Posts Tagged ‘Iraq’


War 2.0, Unedited

July 21, 2008

Here I am today – munching some Middle Eastern staple food (pita bread with hummus) for a quick lunch and reflecting on this week’s class topic about the Iraq war’s on-line dimensions and how the Internet is changing our perception of war. While browsing through the overwhelming amount of on-line materials related to the war in Iraq – blogs, videos, articles, discussions – it occurs to me as a surprise that there are no two sides of the story. There are plenty! There are as many sides as the number of people involved in the global conversation about it with their unique perspectives, narrative and view points.

The Internet and Web 2.0 put us literally in the middle of the action in this war. In previous wars it has also been possible for us to be exposed to first-hand narrative from soldiers interviewed by the media or TV footage. What is different now is that soldiers and war victims (refugees) have become the media themselves, giving us the ultimate live feed of stories from the trenches. It is the first-person account of war, unedited. For real. Do we need to be that close to the war? Yes, we do. And this is not a question of good or bad. It is a reality and a necessity. We should have that much access to the front lines of the war, because of their right to share and our right to know.
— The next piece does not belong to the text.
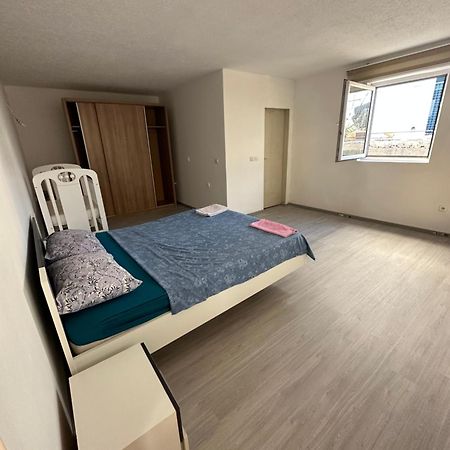 Leni Apartmani Dobre Vode Dobra Voda Exterior foto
One of the topics concerning the war in Iraq that grabbed me was how children and young people are influenced by it and how they relate to what is happening. That is bearing in mind not only the suffering of Iraqi kids and youth, but also the fact that so many American soldiers are young people themselves. I found an interesting juxtaposition between two stories reported by the War News Radio earlier this year. The first one described how it is unsafe and practically impossible for Iraqi young people to meet or even date, as public social life is non-existent there any more and they have to resort to the use of the Internet to keep in touch, chat, talk via Skype and make friends. In the second story the mother of a 23-year old American soldier tells how her son came back from his deployment in Iraq suffering shame, gult, trauma, disillusionment and paranoia and was constantly getting in trouble by trying to “bring the adrenaline back”. She says the first time her son went to war for the idea of bringing democracy to Iraq. The second time his reason changed to “oil”, as his belief in the cause of this war dwindled.
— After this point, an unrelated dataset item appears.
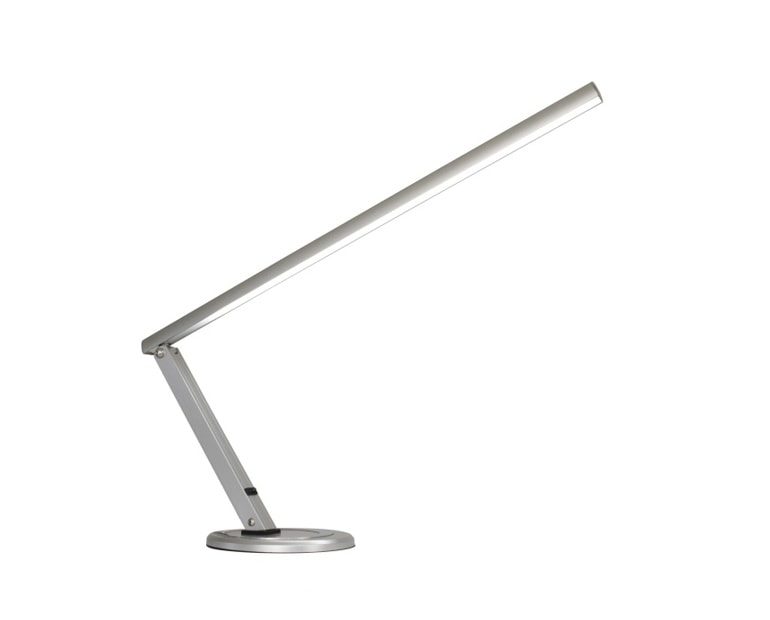 Erittäin ohut 10 watin 48-LED-manikyyrilamppu - FLEXOR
The Iraq war brought not only disappointment about its purpose, but also disappointment about how it is protrayed by traditional media. Soldier Brian Paul, for example, came to the bitter conclusion that the media fails to show the reality experienced by the American troups in Iraq. This prompted him to find a remedy for all misleading or inaccurate media reports on any topic by creating the FixMedia website. There citizens can flag problematic media content. Would Brian have done it, if he had not experienced personal disappointment? I don’t know. But it is good to know that he enabled at least one open place on the web that is free from politically biased fact checking on media stories with the only purpose “to seize the truth”.

One last note about young people involved in the war – they are social media savvy and want to have fun, as shown in this video, I came across today entitled “Dance Party in Iraq”. It may seem strange and my first reaction was to get judgemental, but then it occured to me that it actually provides one authentic and vivacious perspective, doesn’t it?